Whidbey Telecom’s BiG GiG Center, located on Anthes Avenue in Langley, is officially open after a ribbon cutting Friday afternoon.
The cable company’s satellite office contains a demonstration computer connected to 10,000 megabytes per second (10 gigabits) internet speeds, several co-work spaces and a 100-plus-year-old “museum” of Whidbey Telecom. The center is located in the former Langley Whale Center at 117 Anthes Avenue and serves as a first-hand look at Whidbey Telecom’s all-fiber optic cable network.
George Henny, co-CEO of Whidbey Telecom, believes the network available to South Whidbey residents will provide a much-needed service for those who require fast internet speeds.
“It’s really going to change the way people are able to live and work,” Henny said. “…The fact that we have gigabit capability throughout Langley is tremendous. That’s 1,000 people we could hook up to a gigabit. We’re moving out beyond there.”
The event was attended by about two dozen people, from residents to Whidbey Telecom employees. Mayor Tim Callison, who donned a festive white suit for the occasion, cut the ribbon and also spoke about the positive impacts the BiG GiG Center could have.
“You can help us move into the future with new technology,” Callison said.
The demonstration computer is located to the right of the entrance and is available for those curious about the internet speeds. Toward the back of the center are several co-work spaces, which are also connected to 10,000 megabyte-per-second internet speeds. Henny said it can serve people who need a remote office for work, but not on a full-time basis.
Similar co-work spaces connected to Whidbey Telecom’s fiber optic network are also available at Langley business Fine Balance Imaging and the WiFire in Freeland.
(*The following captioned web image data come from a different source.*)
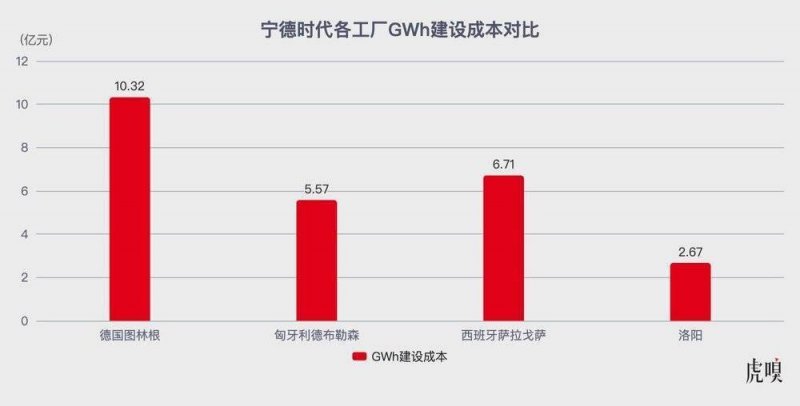 外汇爱华怎么代理正准备理财的你，必须了解ea智慧交易的秘密！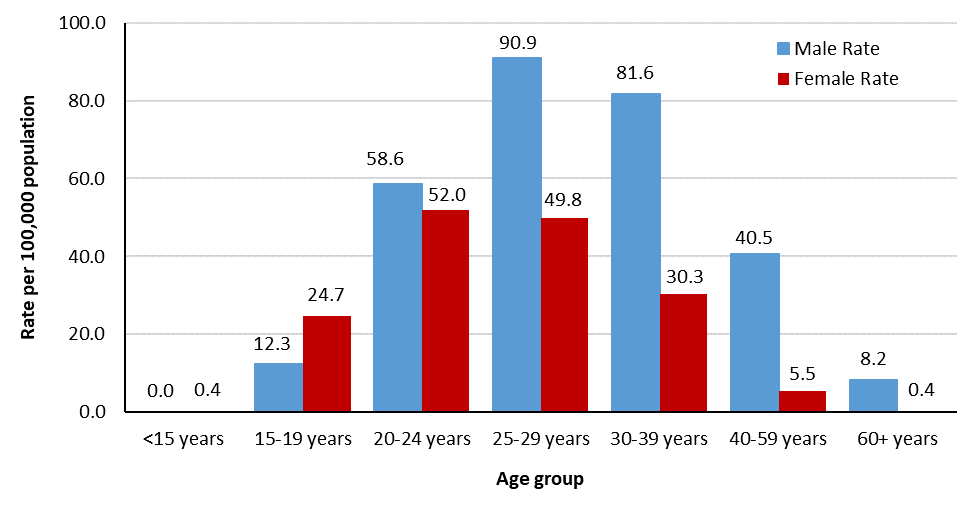 Figure 15. Rates of reported infectious syphilis cases in Canada, by sex and age group, 2019. Text description follows.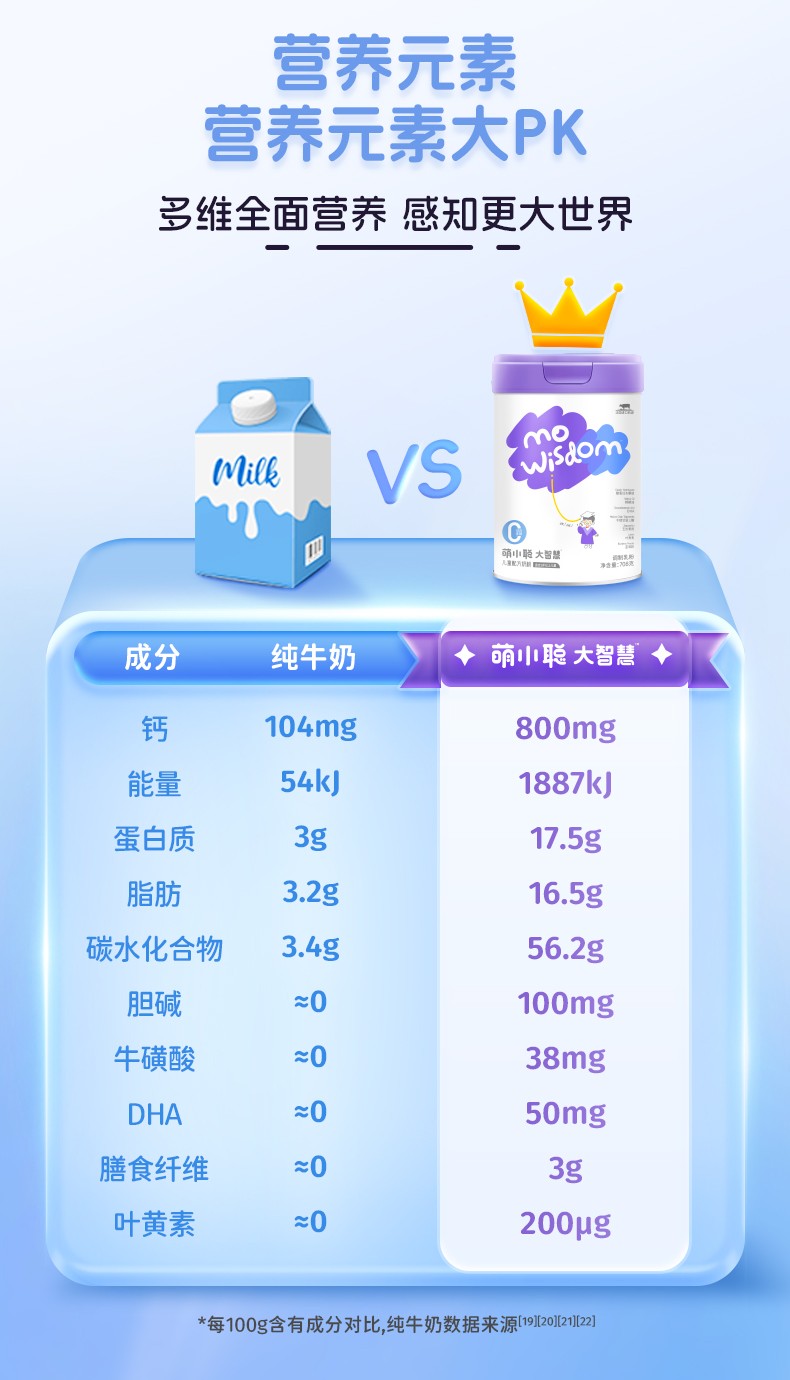 歐恩貝萌小聰大智慧兒童配方奶粉詳情 (12).jpg
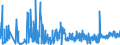 KN 6104 /Exporte /Einheit = Preise (Euro/Tonne) /Partnerland: Melilla /Meldeland: Eur27_2020 /6104:KostÃ¼me, Kombinationen, Jacken, Kleider, RÃ¶cke, HosenrÃ¶cke, Lange Hosen `einschl. Kniebundhosen und Ã¤hnl. Hosen`, Latzhosen und Kurze Hosen, aus Gewirken Oder Gestricken, FÃ¼r Frauen Oder MÃ¤dchen (Ausg. Windjacken und Ã¤hnl. Waren, Unterkleider, UnterrÃ¶cke, Unterhosen, TrainingsanzÃ¼ge, SkianzÃ¼ge und Badebekleidung)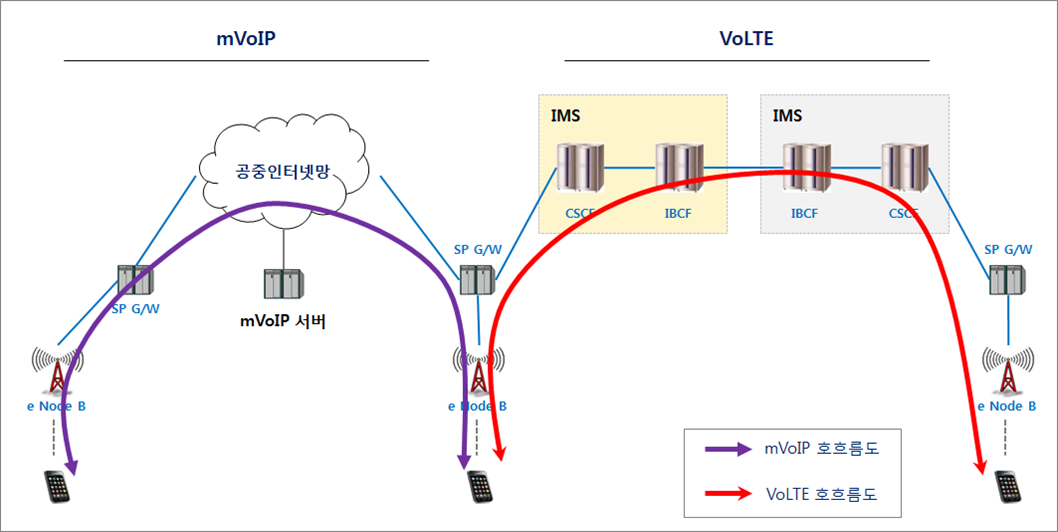 mvoip%EC%99%80%EC%9D%98-%EC%B0%A8%EC%9D%B4.png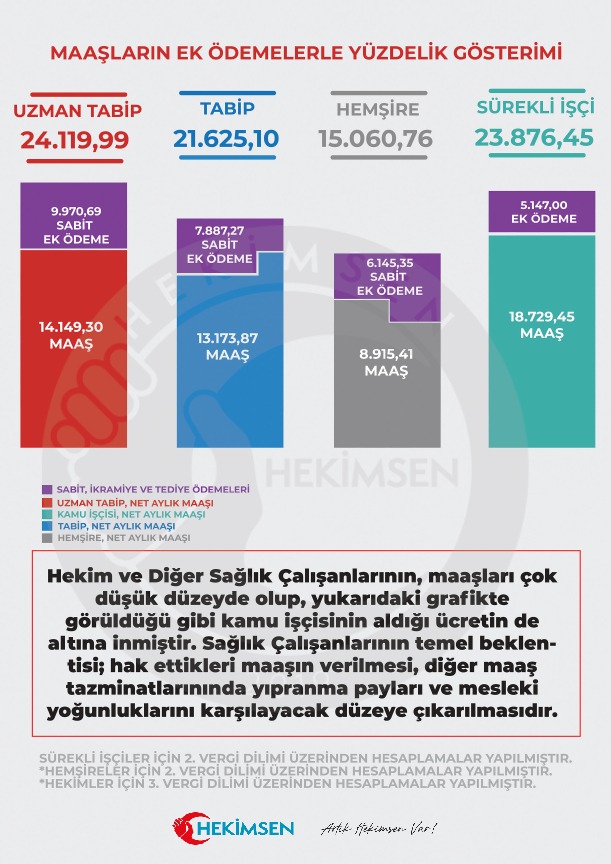 hekimsen's tweet photo. Görsellerdeki taleplerimiz maaş komisyonuna iletilmek üzere milletvekillerine gönderilmiştir.
Hekimlerin ve diğer sağlık çalışanlar��nın yaptıkları işin niteliği ve aldıkları eğitim, kamu işçilerinden daha iyi gelir almalarını gerektirmektedir.
Talep ettiğimiz miktarlar, Dünya standartlarıyla karşılaştırıldığında oldukça mütevazi rakamlardır.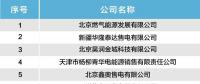 北京電力交易中心發(fā)布售電公司公示結果公告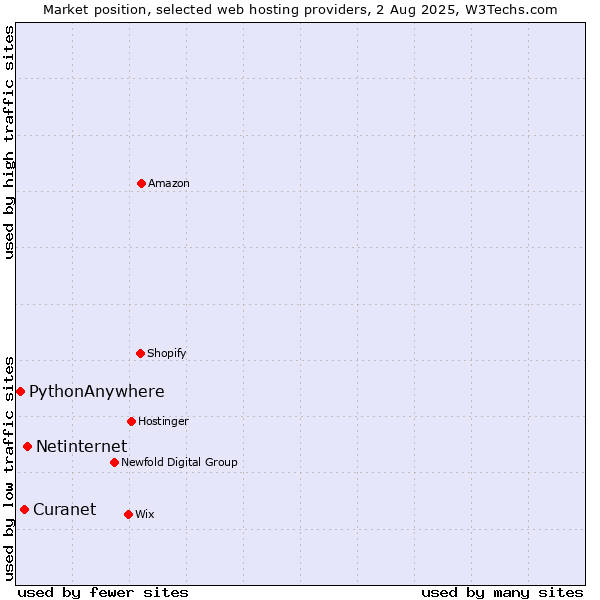 Market position of Netinternet vs. PythonAnywhere vs. Curanet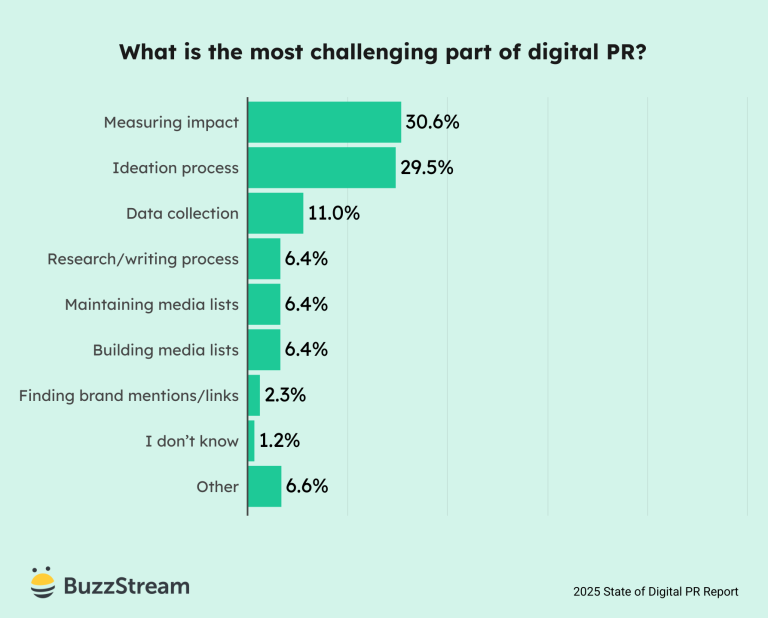 what is the most challenging part of digital pr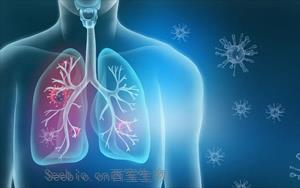 呼吸道<font color='red'>感染</font>病原体检测高品质原料推荐 呼吸道<font color='red'>感染</font>病原体检测高品质原料推荐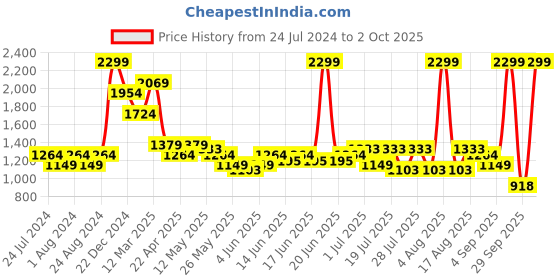 myntra.com Turtle Men Tailored Skinny Fit Trousers turtle Price History Graph from 24 Jul 2024 to 2 Oct 2025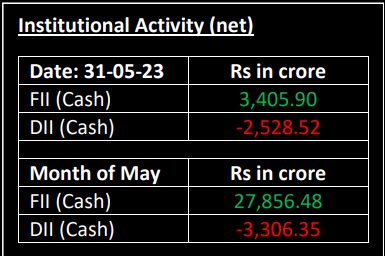 FII , DII, post market fii data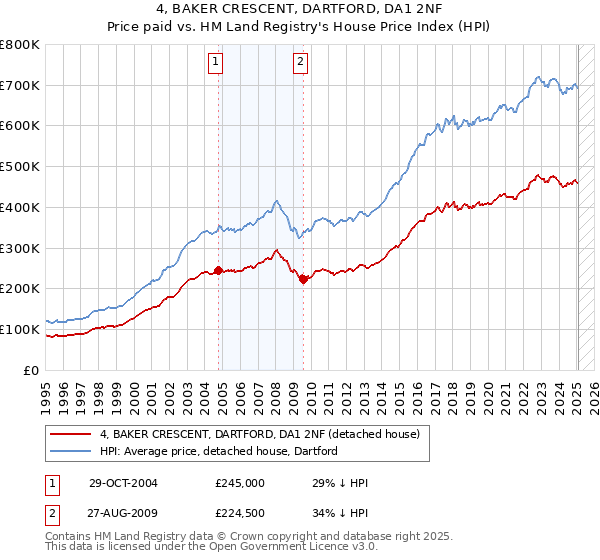 4, BAKER CRESCENT, DARTFORD, DA1 2NF: Price paid vs HM Land Registry's House Price Index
Another co-work space is in the process of opening in Langley at South Whidbey Commons.
Prices for using the co-work spaces have not yet been determined, Henny said.
“The goal of the co-works space is for locals or visitors to have the ability to work from there as opposed to taking the commute,” Henny said.
Tom Trimbath, a management consultant, said there are many opportunities for collaboration and networking with the co-work spaces. While Trimbath usually works from home, the lure of the faster internet speeds is hard to pass up, he said.
“There were some fairly large files I had to transfer,” Trimbath said. “I know the ratio between doing it at home and doing is at the co-works is 60:1 now that the new gig is in.”